This is a fork from lucidrains's GigaGAN. I am working here to develop training scripts for a distributed training run of a text conditioned upsampler.
- Q: Will the Weights be Open Sourced?
- A: The weights will be open sourced.
The open source work is sponsored by Facet and the compute by Google
Training logs are open here: https://wandb.ai/nbardy-facet/gigagan?workspace=user-nbardy-facet
- Get original training scripts running locally
- Connect compute cluster with ray
- Write a draft of a ray/accelerate cluster training script.

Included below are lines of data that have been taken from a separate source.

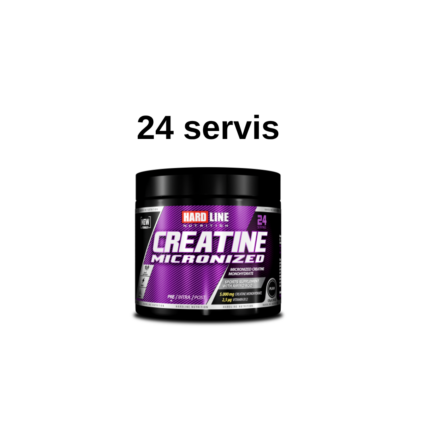 Hardlıne Creatin Mikronize 120 Gr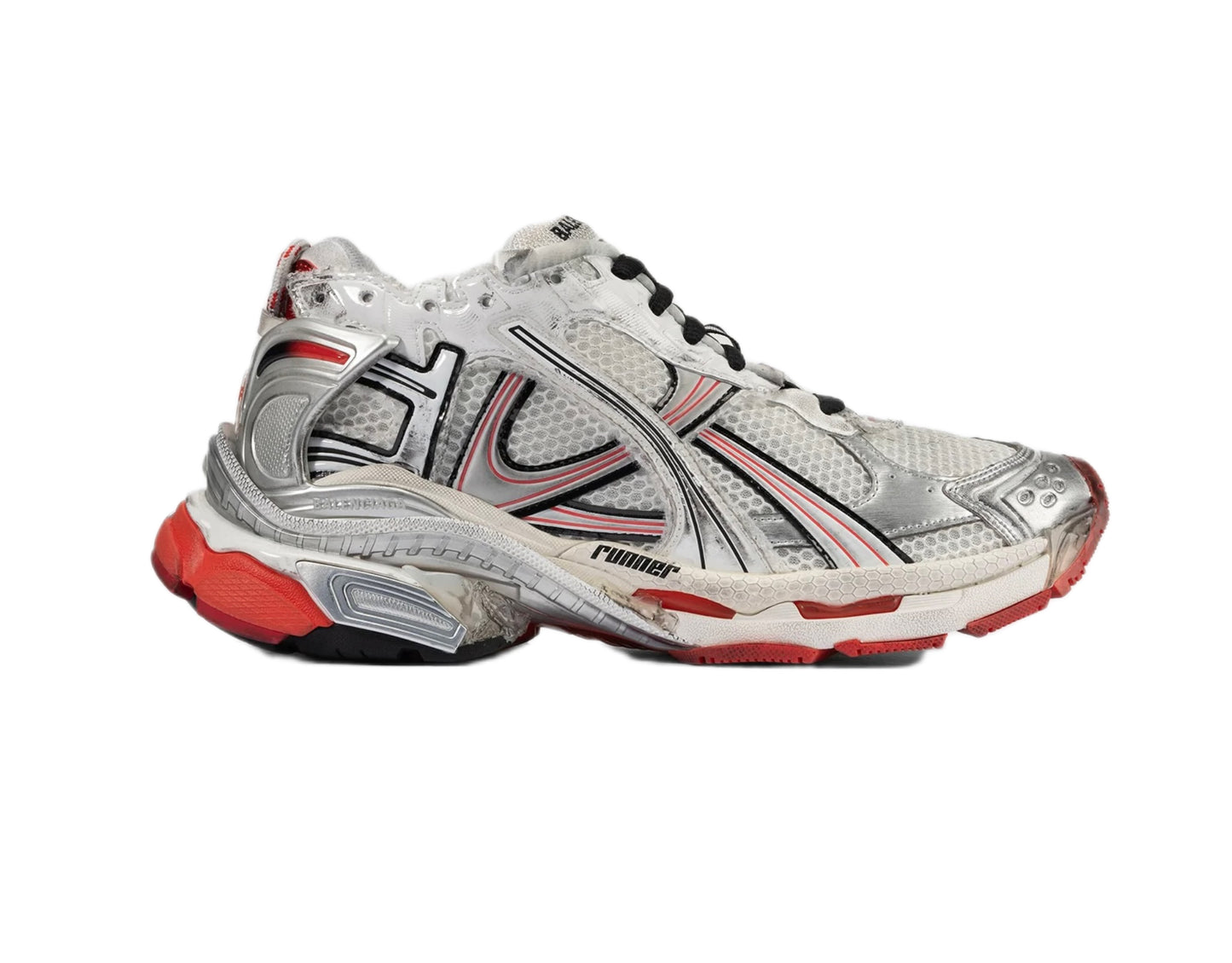 Balenciaga Runner White/Red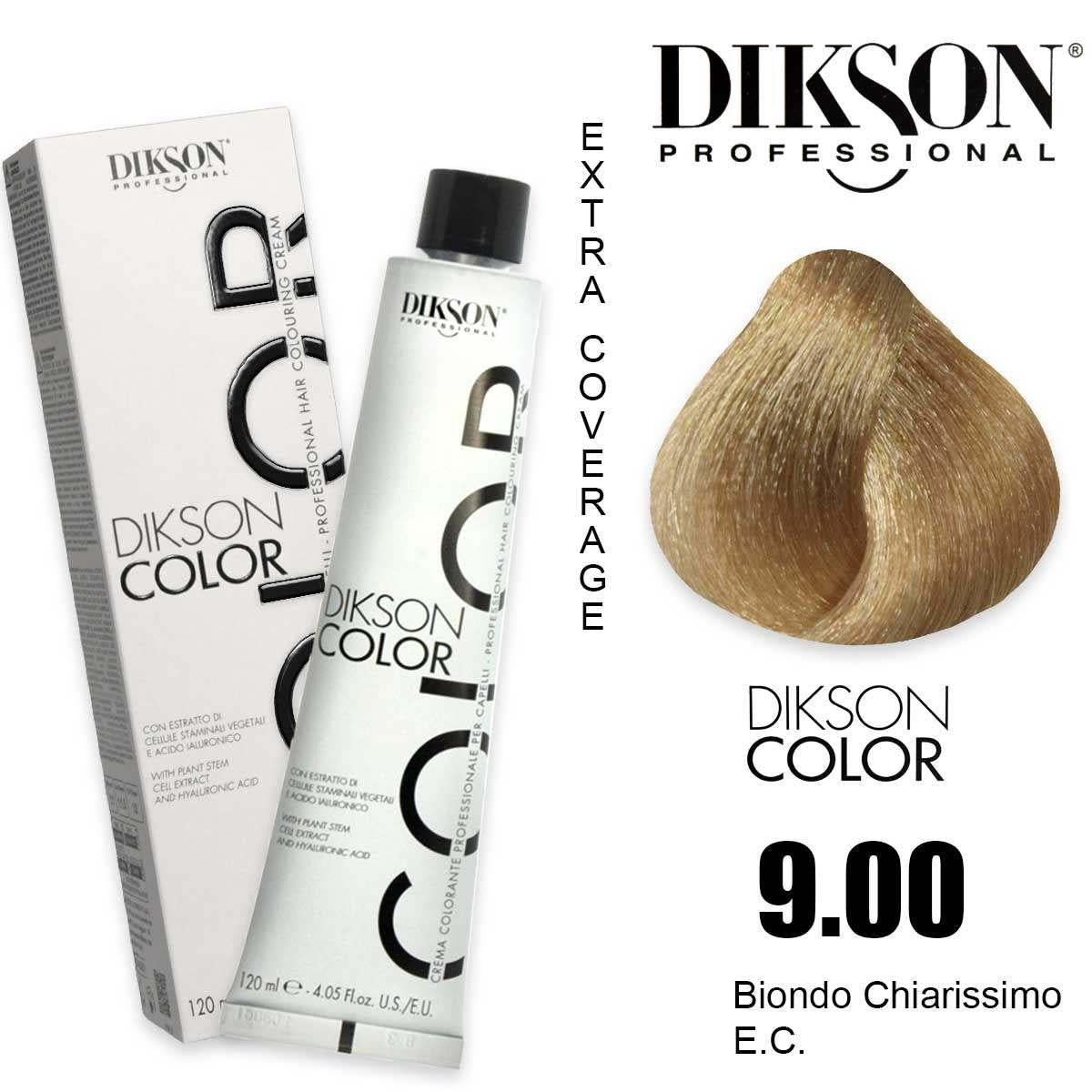 Dikson color 120 ml 9.00 - 9n/e extra coverage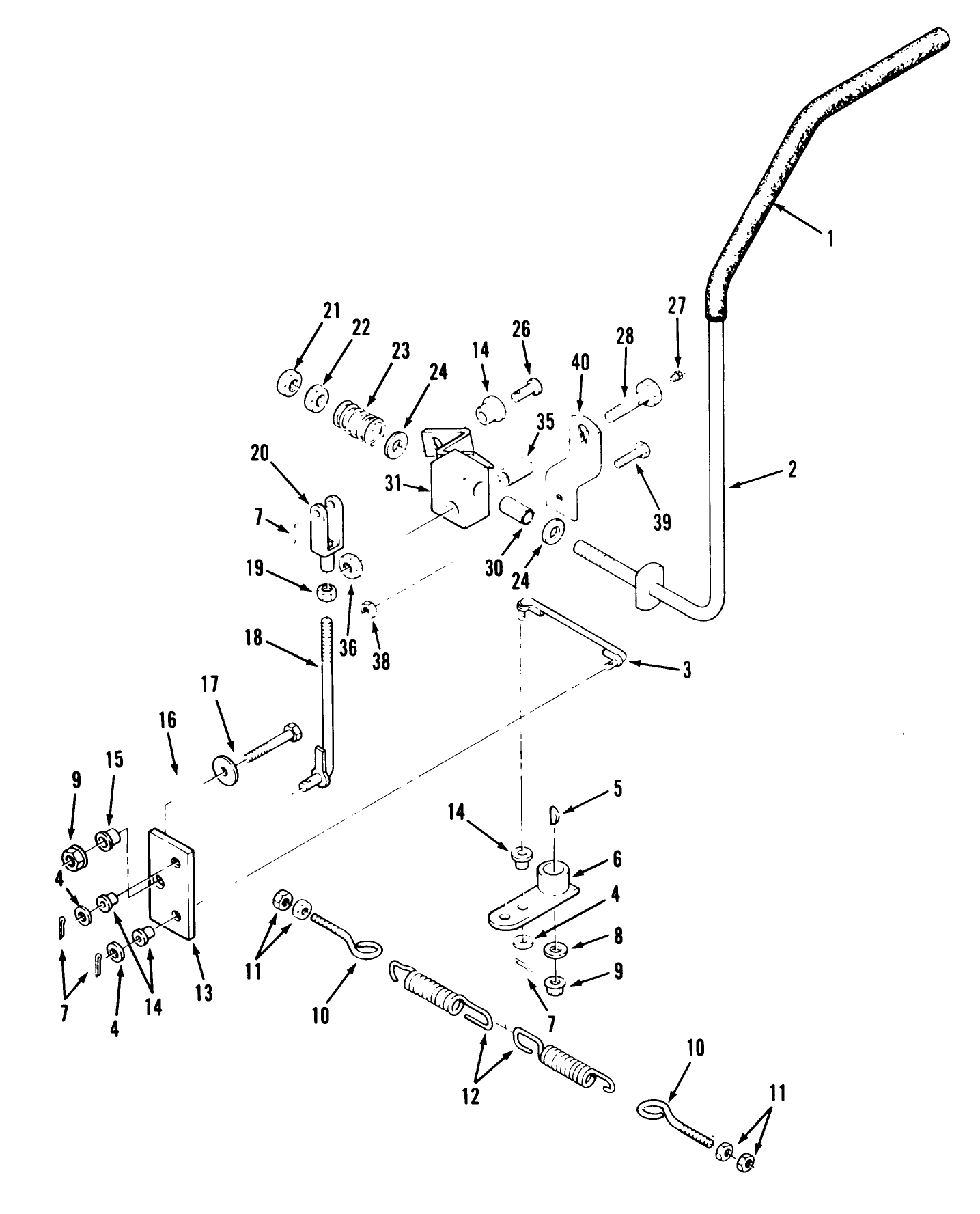 Transmission Drive Linkage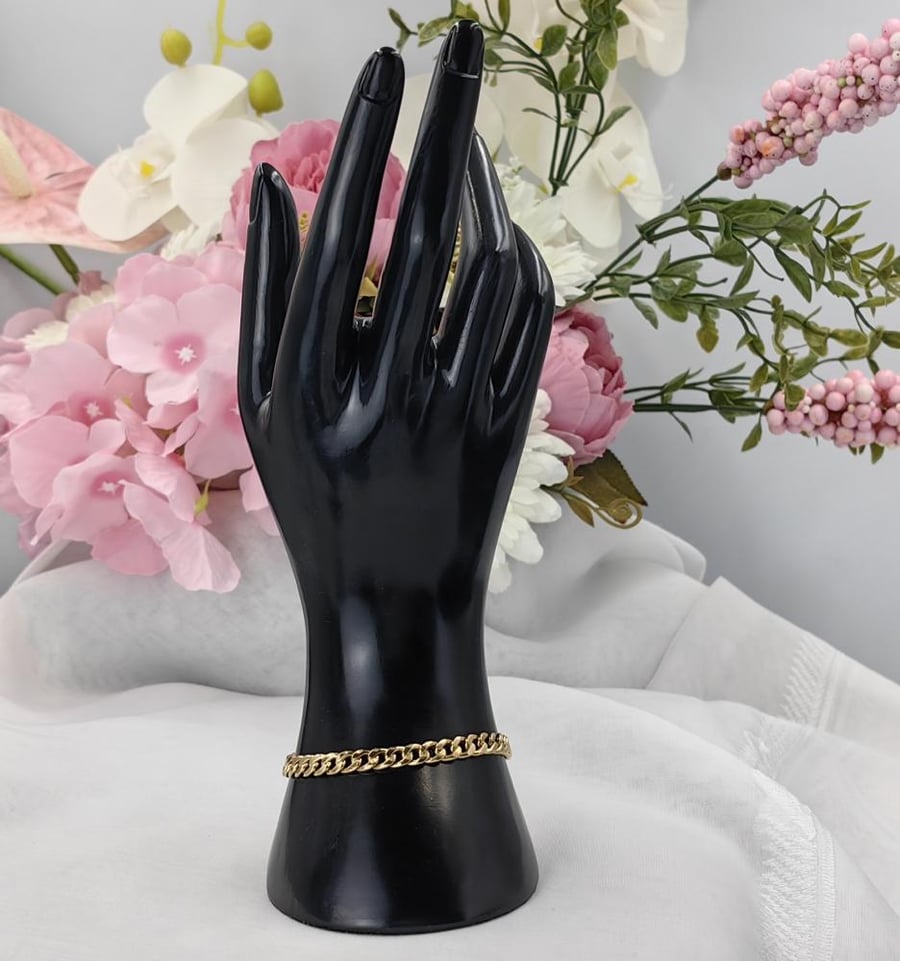 أسواره جنزير إيطالي عيار 18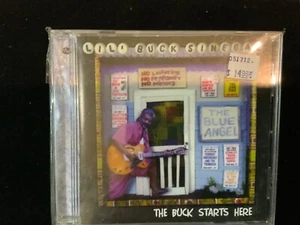 LIL BUCK SINEGAL - Buck Starts Here - Blau. Wie Neu. PROMO CD - - Bild 1 von 2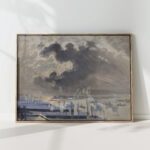 storms coming up joseph pennell high quality print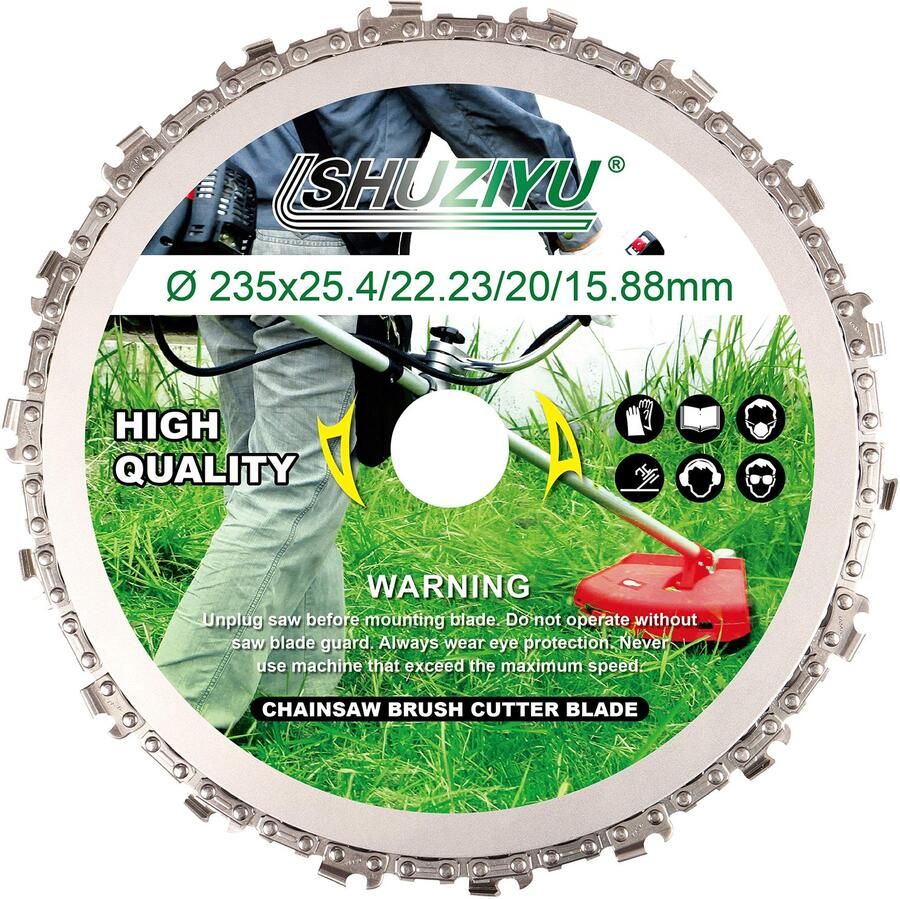 235mm Chainsaw Blade voor Brush Cutter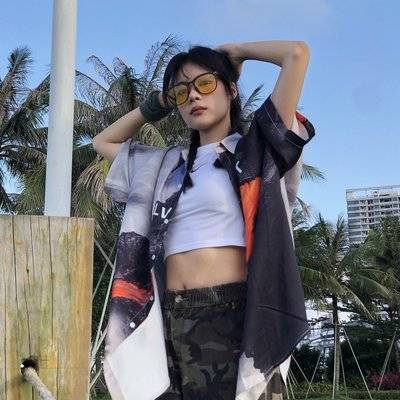 韩系模特
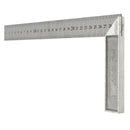 30cm 12inch Metal Engineers Try Square Set Measurement Tool Right Angle 90 Degrees Ruler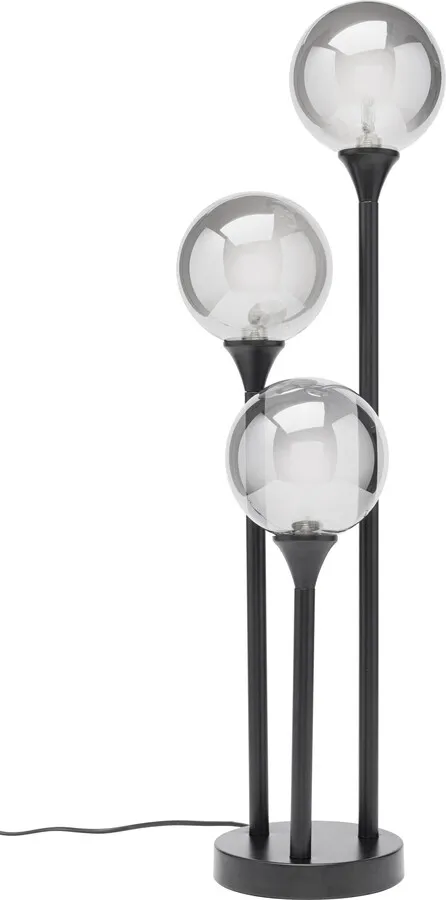 Lampa stołowa AL CAPONE TRE - czarny
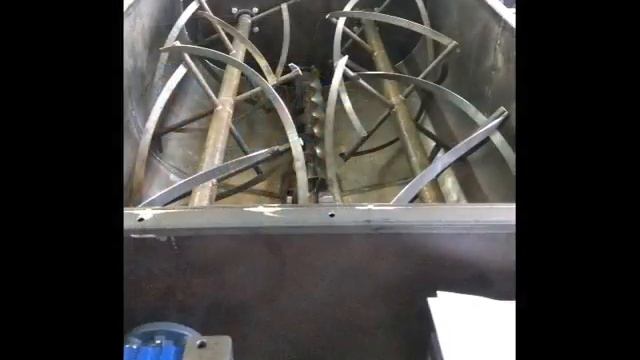 Смеситель лопастной СГ-8 комбикормовый смотреть онлайн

- Setup on LAION High Res webdataset
- Get running on TPU
- Get distributed training running
- Trying accelerate
- Trying XMP
- Train a few base lines
- Launch hyper-parameter sweeps on the small model
- Reproduce Upscaler with result quality compared to the paper at 256px=>1028px(4X)
- Reproduce Upscaler with result quality compared to the paper at 128px>1028px(8X)
Stretch Goals
- Reproduce a STOTA(For SpeedXQuality open T2I pipeline)
- Arbitrary aspect ratios.
- Update architecture to work on patches(Possibly get a speed here, can we modify patch size to be more effecient)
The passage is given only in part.